Seemed that, back two chapters, my main character in this story (also female – which should tell me something) was quite unhappy with the stance I’d made her take on a crucial turning point in the plot. At the time, I’d thought that this was certainly the way she’d behave in this particular situation based on everything that had happened earlier in the novel. Not so, in this case. She wanted to do the complete opposite. Women...

It took another few miles for her to open up completely, explaining her feelings and stating her case for how she thought I should end the book. In the end, I had to agree that she was right.

“Okay,” I said to the whole motley crew, “if I scrap those two intervening chapters, will you guys behave?”

“Yes!” they all promised, but I didn’t completely believe them.

So we trudged back home, however, with a hopeful smiles and more of a spring in our steps. Once again seated in front of my trusty computer, I pressed delete twice (my deal with them), the offending chapters were binarily vaporized and I set to work.

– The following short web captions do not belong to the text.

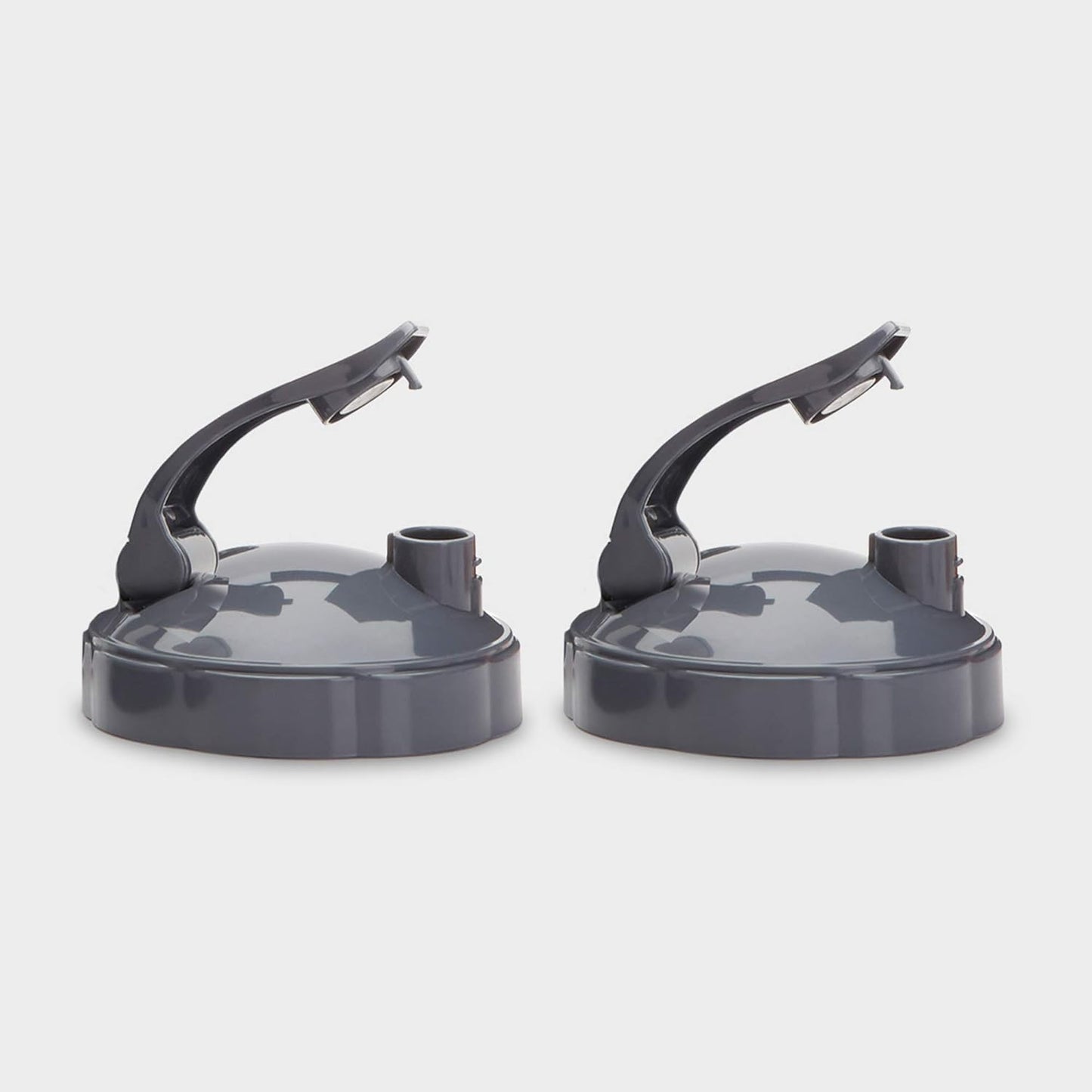 set-of-2-grey-nutribullet-flip-top-to-go-lids---lightweight-and-convenient-for-on-the-go-use---025-lbs-1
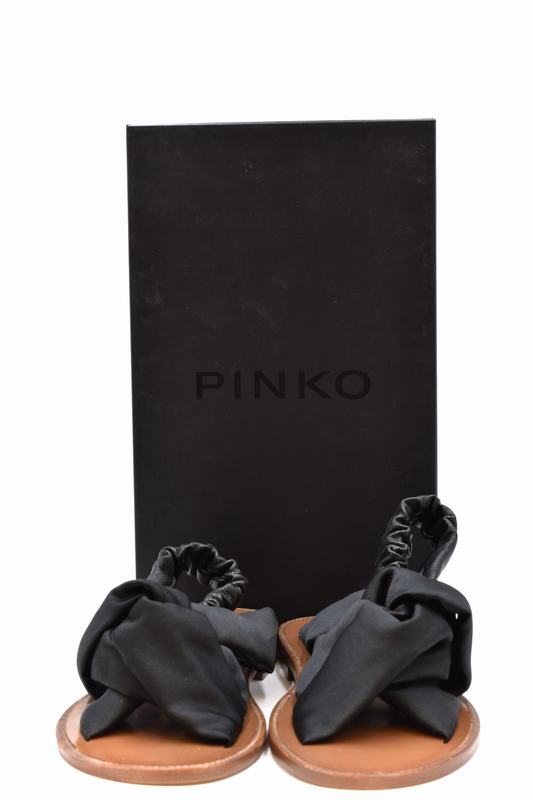 PINKO Sandali Codice Prodotto: BLKS1 1H20UG Y732 Z99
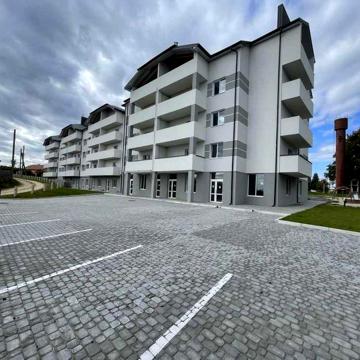 Продаж 2 кімнатної квартири у Івано-Франкове (Янів)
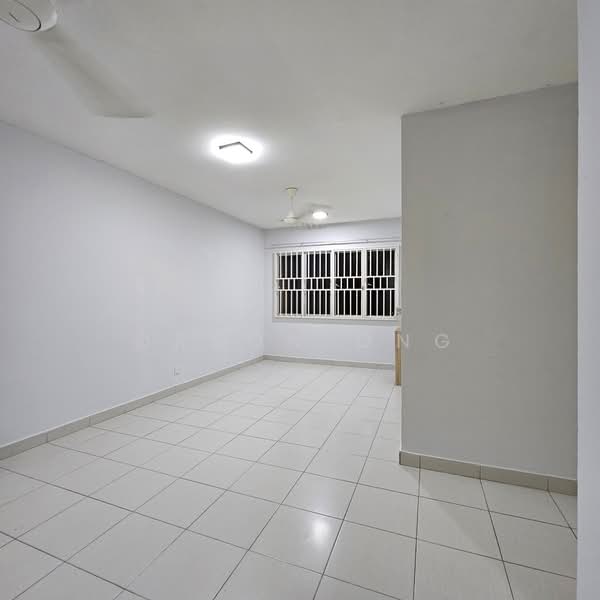 Apartment for Rent at Seri Jati - Orson Ong - PropertyGuru.com.my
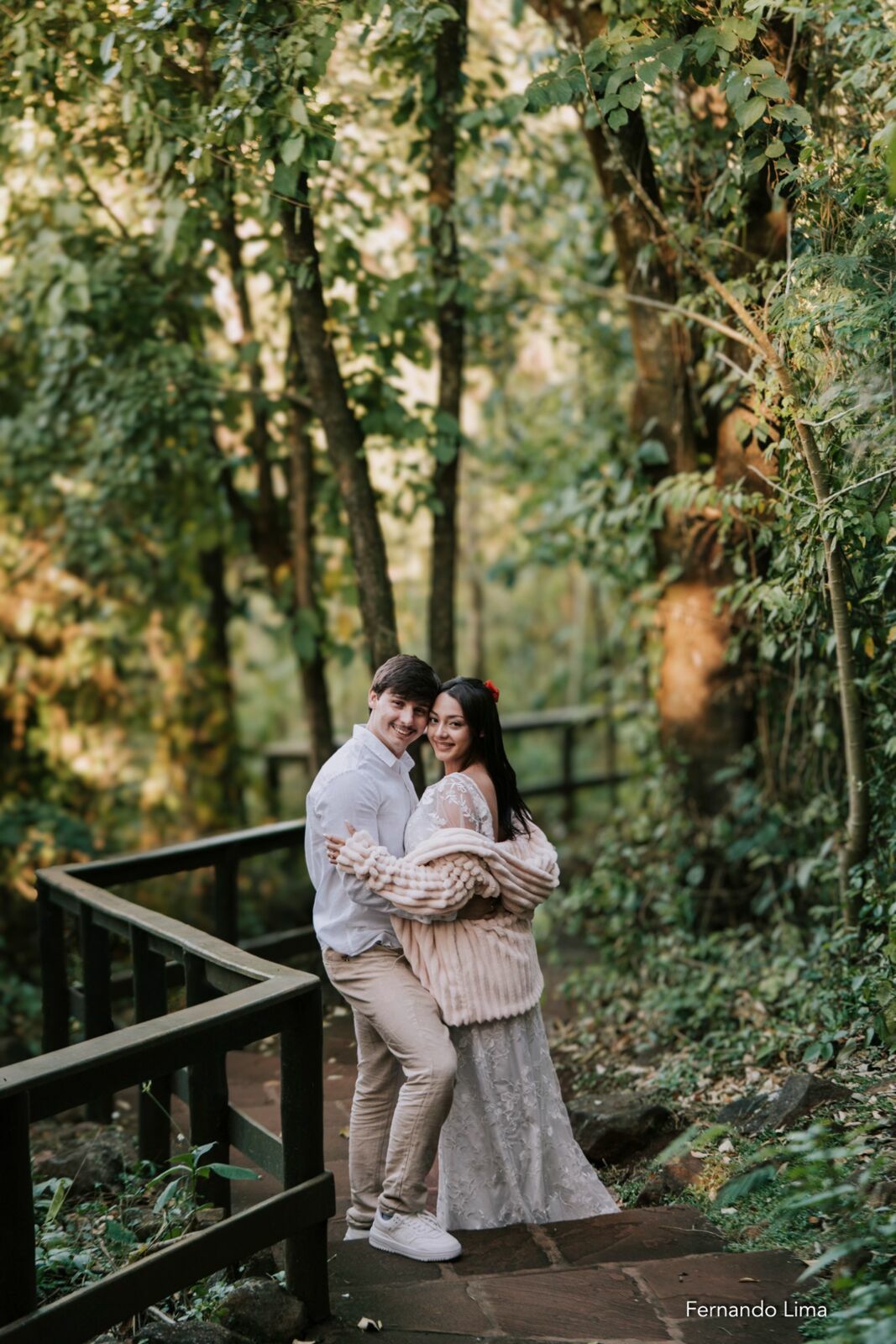 Foto Ensaio Pré-Wedding em Brotas-SP: Natureza, Emoção e Amor em cada Foto Foto Ensaio Pré-Wedding em Brotas-SP: Natureza, Emoção e Amor em cada Foto - Imagem 30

You know what? She was absolutely right.

God damn, I love writing.


Vicki Delany said...

Nice story!

Kerrie said...

I love the ideas of characters on strike!

Rick Blechta said...

You know, the main character is an opera singer, and I could have always blamed having to work with darned prima donnas (in every sense of the word), but she wasn't the only one not cooperating. The rest were all male: her husband, her boyfriend and THREE cops. All of them refused to speak.


Next book I'm getting all my characters to sign contracts before I'll work with them.